**AIM OF THE EXERCISE**
With pictures left out, output exactly the lines from the line holding "Apartments Palma - Foto 23" through the end of the data, both included.

───── RECORD EXTRACTS ─────

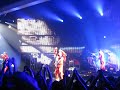 Weezer - The Greatest Man That Ever Lived - Live (Atlantic City, NJ)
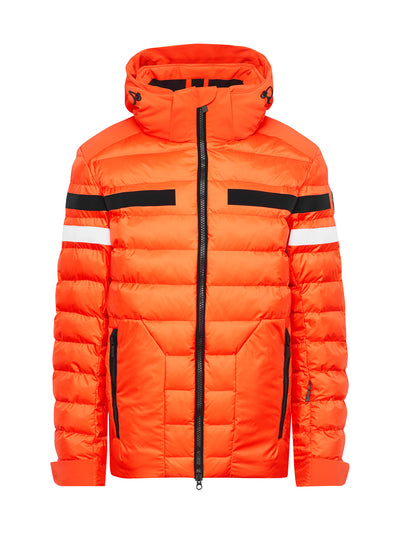 #color_vibrant-orange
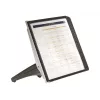 Nuotraukų albumas Durable SHERPA soho juodas 10 lapų A4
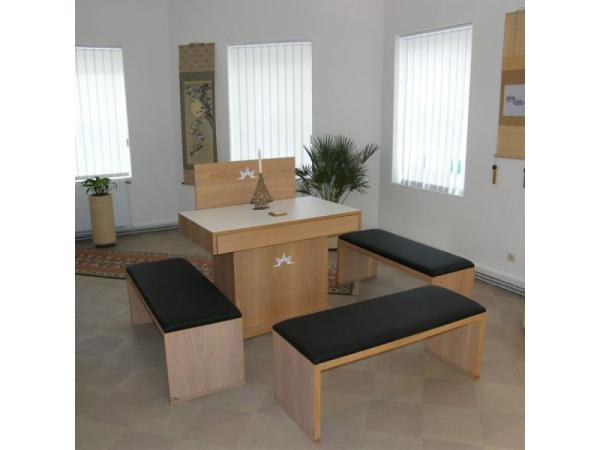 Bild 7 von antares Tierbestattungen GmbH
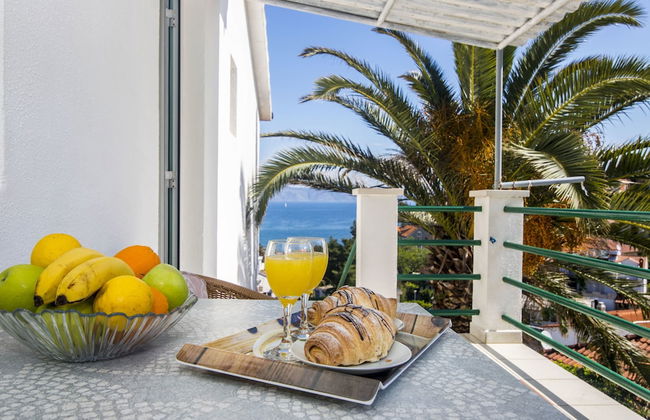 Apartments Palma - Foto 23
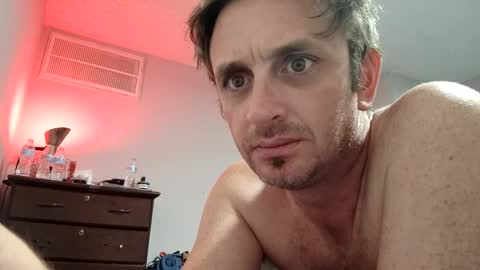 that1badboy online show from 09/14/25, 09:41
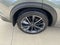 2024 INFINITI QX50 SPORT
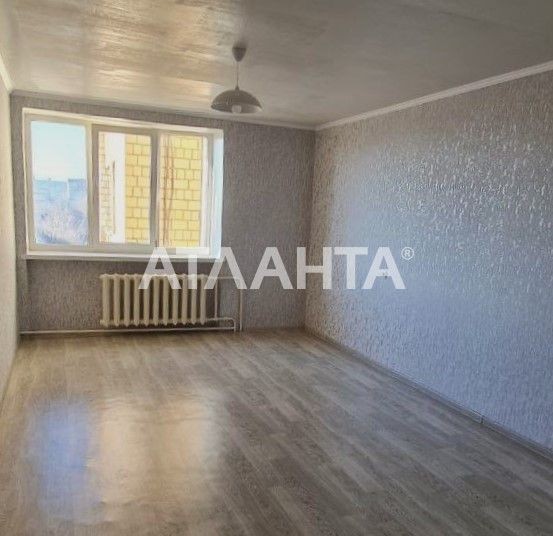 1 кімнатна  малосімейка р-н парку Жовтневого - фото 1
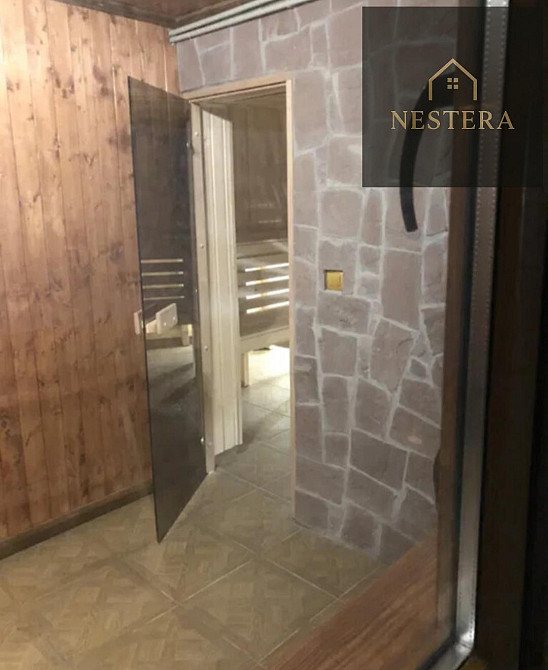 Продаж Будинок 4-кімнатний на вул. Кошового Ужгород - фото 12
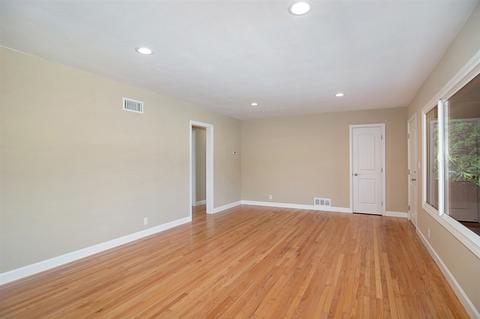 9106 Emerald Grove Ave, Lakeside, CA 92040 photo 6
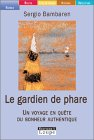 Le gardien de phare
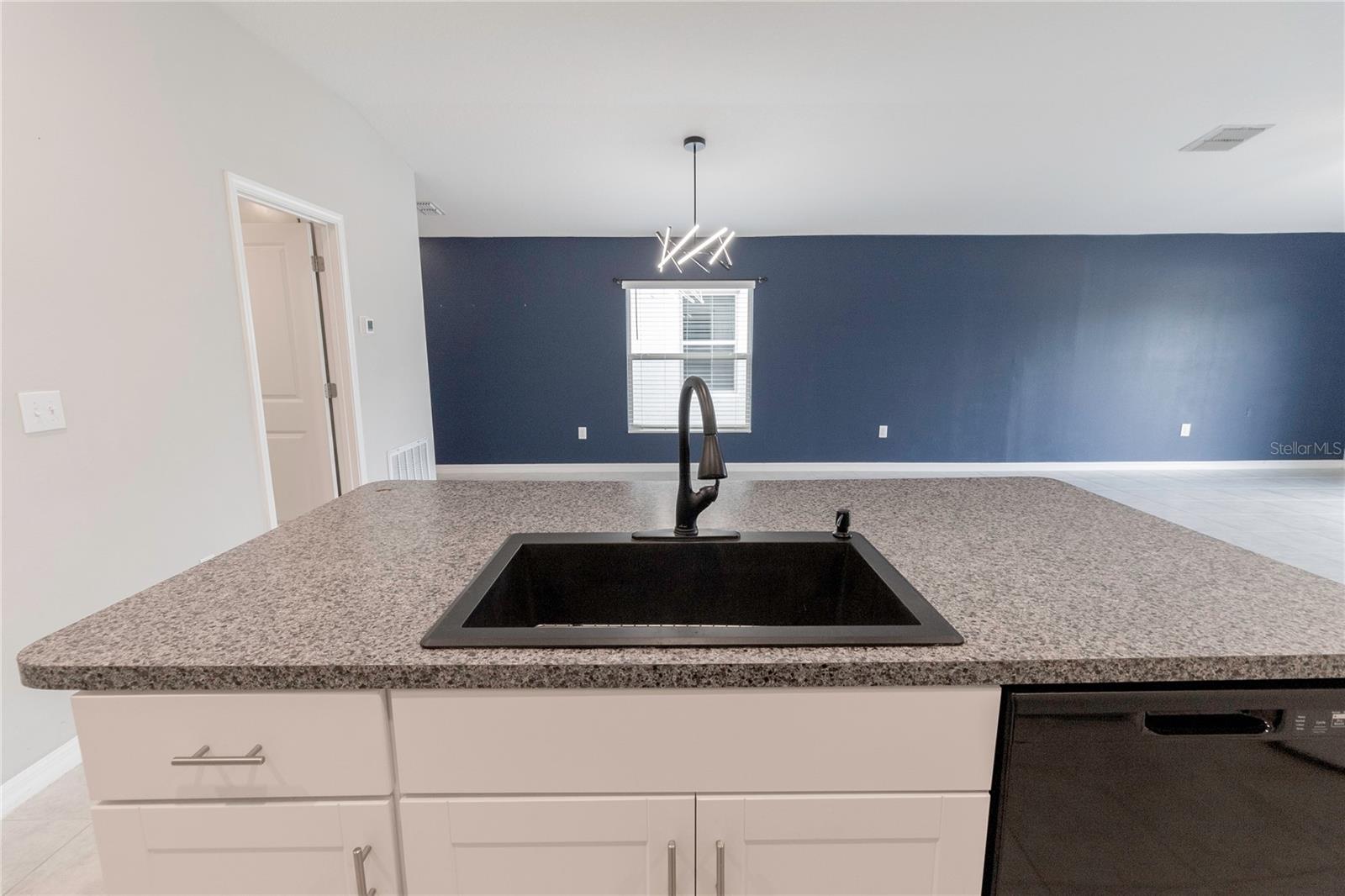 CYPRESS CRK PH 3 & 4 PRCL J - Residential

─────

**TASK RESPONSE**
 Apartments Palma - Foto 23
 that1badboy online show from 09/14/25, 09:41
 2024 INFINITI QX50 SPORT
 1 кімнатна  малосімейка р-н парку Жовтневого - фото 1
 Продаж Будинок 4-кімнатний на вул. Кошового Ужгород - фото 12
 9106 Emerald Grove Ave, Lakeside, CA 92040 photo 6
 Le gardien de phare
 CYPRESS CRK PH 3 & 4 PRCL J - Residential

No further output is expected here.